§ **Task instructions**
For the data below, transcribe the part that opens with the line containing "Even on a higher" and closes with the line containing "The patient side", exactly and with no pictures.

-- Records shown follows --

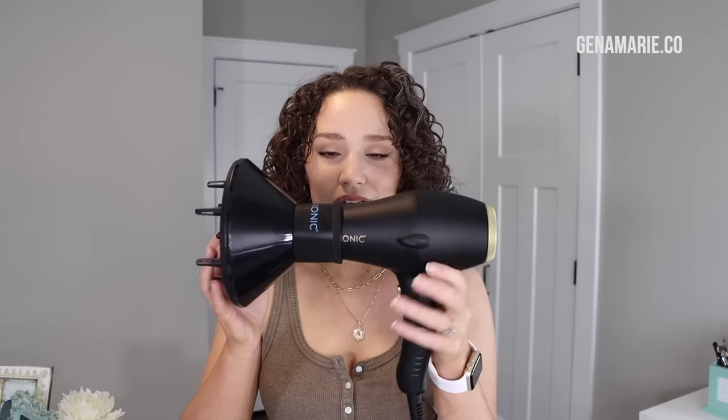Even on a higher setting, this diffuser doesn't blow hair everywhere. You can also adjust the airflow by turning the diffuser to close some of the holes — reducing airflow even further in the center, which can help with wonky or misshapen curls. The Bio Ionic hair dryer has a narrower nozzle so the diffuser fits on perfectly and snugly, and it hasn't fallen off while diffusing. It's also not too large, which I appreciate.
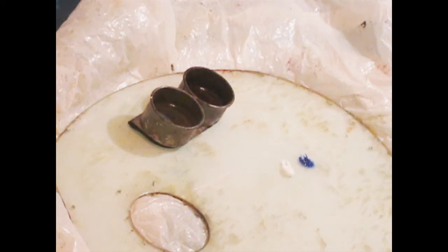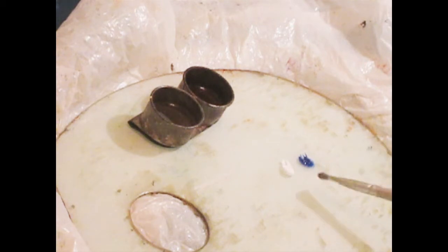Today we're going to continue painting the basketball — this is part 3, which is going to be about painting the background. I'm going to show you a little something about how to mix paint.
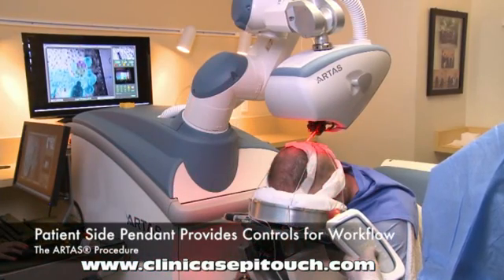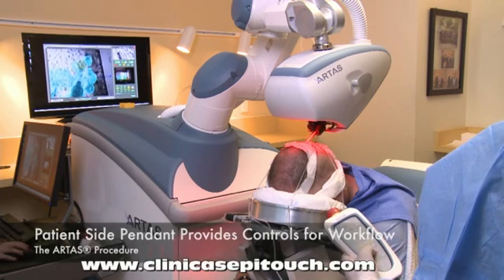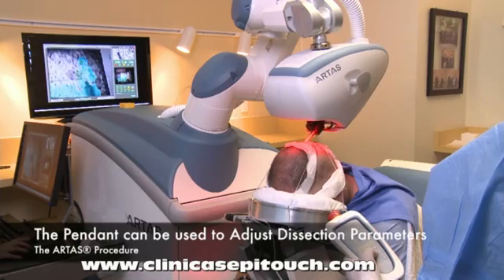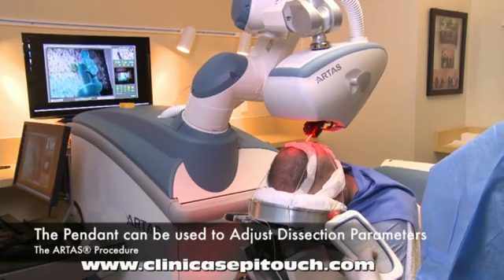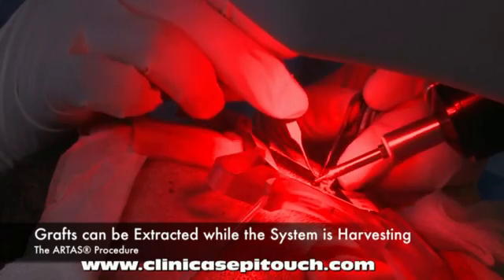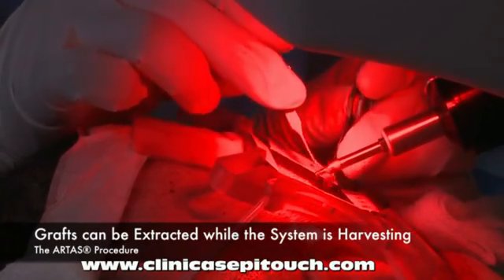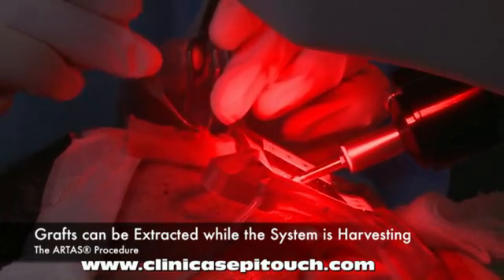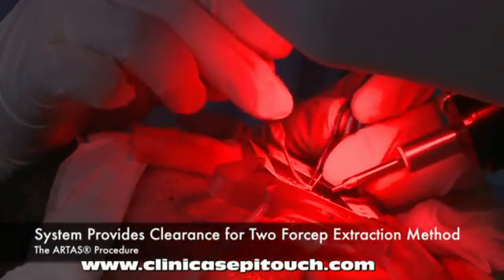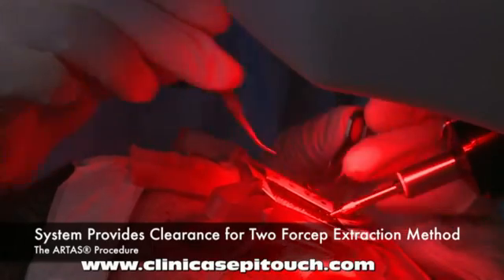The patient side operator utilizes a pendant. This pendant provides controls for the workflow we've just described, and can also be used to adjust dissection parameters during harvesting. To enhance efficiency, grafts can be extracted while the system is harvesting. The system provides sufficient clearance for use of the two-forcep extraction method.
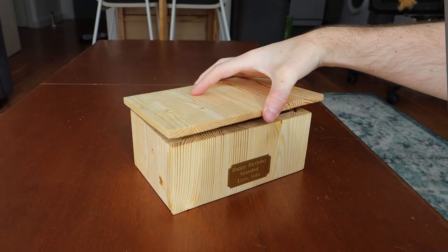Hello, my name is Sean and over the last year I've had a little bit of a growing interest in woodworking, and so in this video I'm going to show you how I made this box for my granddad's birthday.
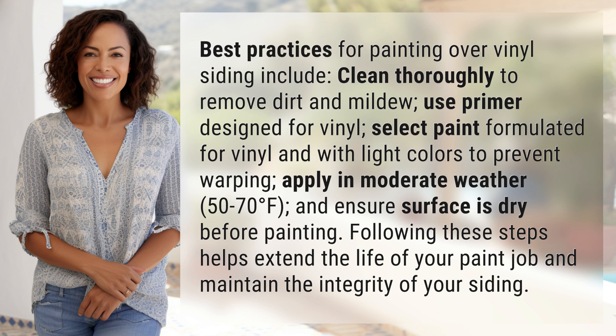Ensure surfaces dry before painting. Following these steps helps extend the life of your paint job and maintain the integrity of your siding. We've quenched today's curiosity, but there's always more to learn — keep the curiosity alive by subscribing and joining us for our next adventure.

-- Records shown concluded --
-- Records shown follows --

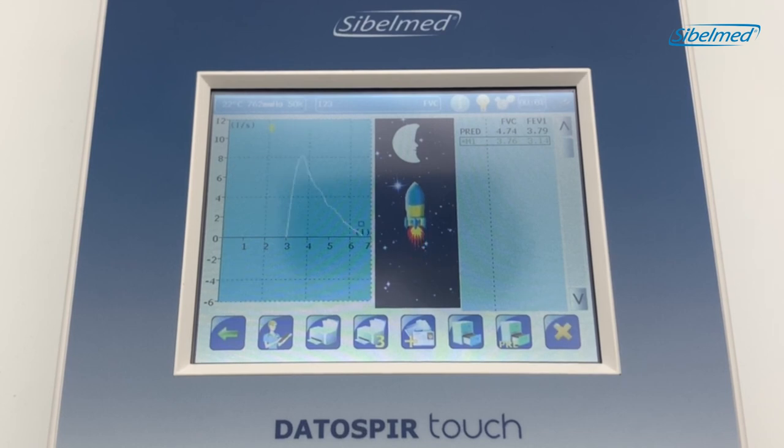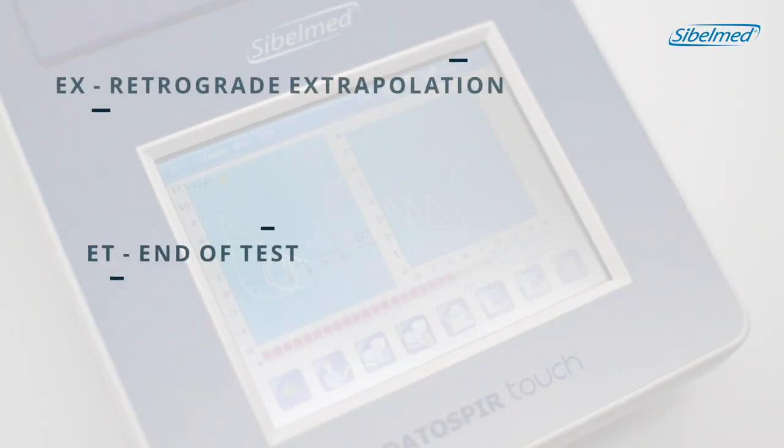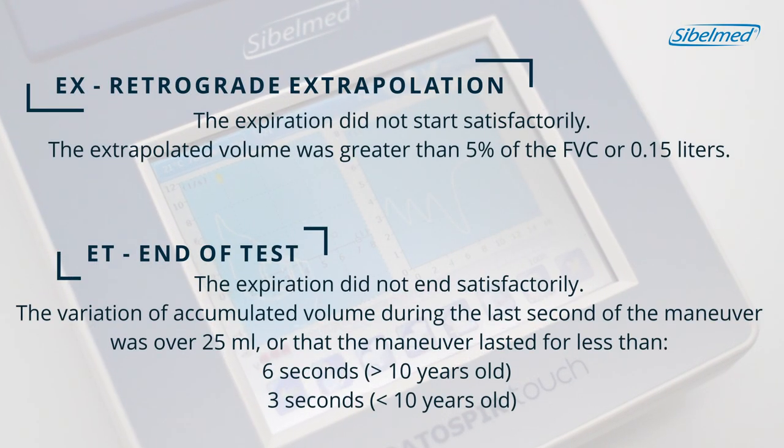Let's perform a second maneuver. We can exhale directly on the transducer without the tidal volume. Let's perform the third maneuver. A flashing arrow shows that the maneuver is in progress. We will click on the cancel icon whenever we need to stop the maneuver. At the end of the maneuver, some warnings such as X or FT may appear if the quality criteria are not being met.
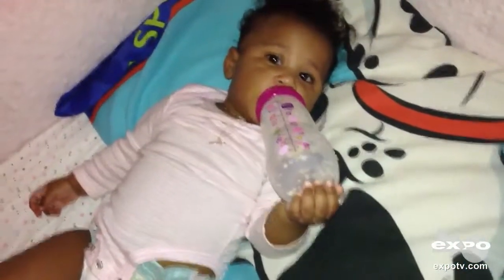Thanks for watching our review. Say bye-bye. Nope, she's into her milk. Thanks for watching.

-- Records shown concluded --

§ **Result for this exercise**
Even on a higher setting, this diffuser doesn't blow hair everywhere. You can also adjust the airflow by turning the diffuser to close some of the holes — reducing airflow even further in the center, which can help with wonky or misshapen curls. The Bio Ionic hair dryer has a narrower nozzle so the diffuser fits on perfectly and snugly, and it hasn't fallen off while diffusing. It's also not too large, which I appreciate.
Today we're going to continue painting the basketball — this is part 3, which is going to be about painting the background. I'm going to show you a little something about how to mix paint.
The patient side operator utilizes a pendant. This pendant provides controls for the workflow we've just described, and can also be used to adjust dissection parameters during harvesting. To enhance efficiency, grafts can be extracted while the system is harvesting. The system provides sufficient clearance for use of the two-forcep extraction method.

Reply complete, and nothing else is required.